Some amateurs tend to go crazy installing DC grounds on every single piece of installed gear as if God commanded it so. One common practice is to ground the transceiver's chassis to the nearest hard point. If this cured a problem (ground loop or RFI related), then something else in your installation was amiss, and it's usually a poor coax connection or ground plane issue.

It's assumed that most vehicle manufacturers scatter ground connections hither and yon throughout the vehicle. That is not the case. While there are multiple ground connections made, the same ground points are used for any given sub-assembly. For example, there are no separate grounding points for each headlight. Indeed, they're common. Another way to look at this is, if power for more than one device comes from the same supply point (relay, switch, battery, etc.), then the grounds for those devices should also be common. In case you missed the point, this is to lessen any potential for a ground loop (pun intended).

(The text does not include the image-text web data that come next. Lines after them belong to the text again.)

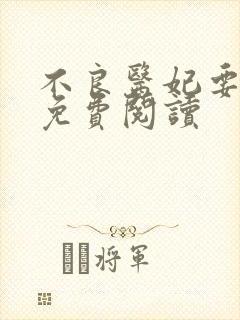 不良医妃要休夫免费阅读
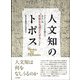 人文知のトポス―グローバリズムを超えて あるいは 世界を毛羽立たせること [単行本]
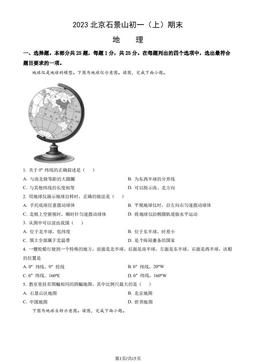 2023北京石景山初一（上）期末地理（教师版）-答案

If you cause a potential to appear between two factory ground points (e.g., ground lead to a seat frame, positive lead to the battery), the resulting ground loop may manifest itself as an RFI problem. This is especially important when high currents are involved (amplifier use for example). Split beads, brute force filters, and ground straps ad nauseam, won't cure the apparent RFI simply because RFI is not the cause!

The most important point that can be made in preventing ground loops is to use correct wiring practices. Not only are direct battery connections necessary, adequate sized conductors and fuses are also required. The truth is, most factory supplied mobile transceiver power cables are barely adequate for the load. Extending them just adds insult to injury, unless you're using a RigRunner^® or other device equipped with over-sized cabling.

Tech Talk: If the wiring is inadequate (albeit directly connected to the battery), allowing excessive voltage drop under load, a ground loop can be the result. The reason why this is so, is rather complex, but has to do with factors discussed in the third paragraph of this section. Thus, as mentioned in the wiring article, the voltage drop, under full load, should be kept below .5 volts.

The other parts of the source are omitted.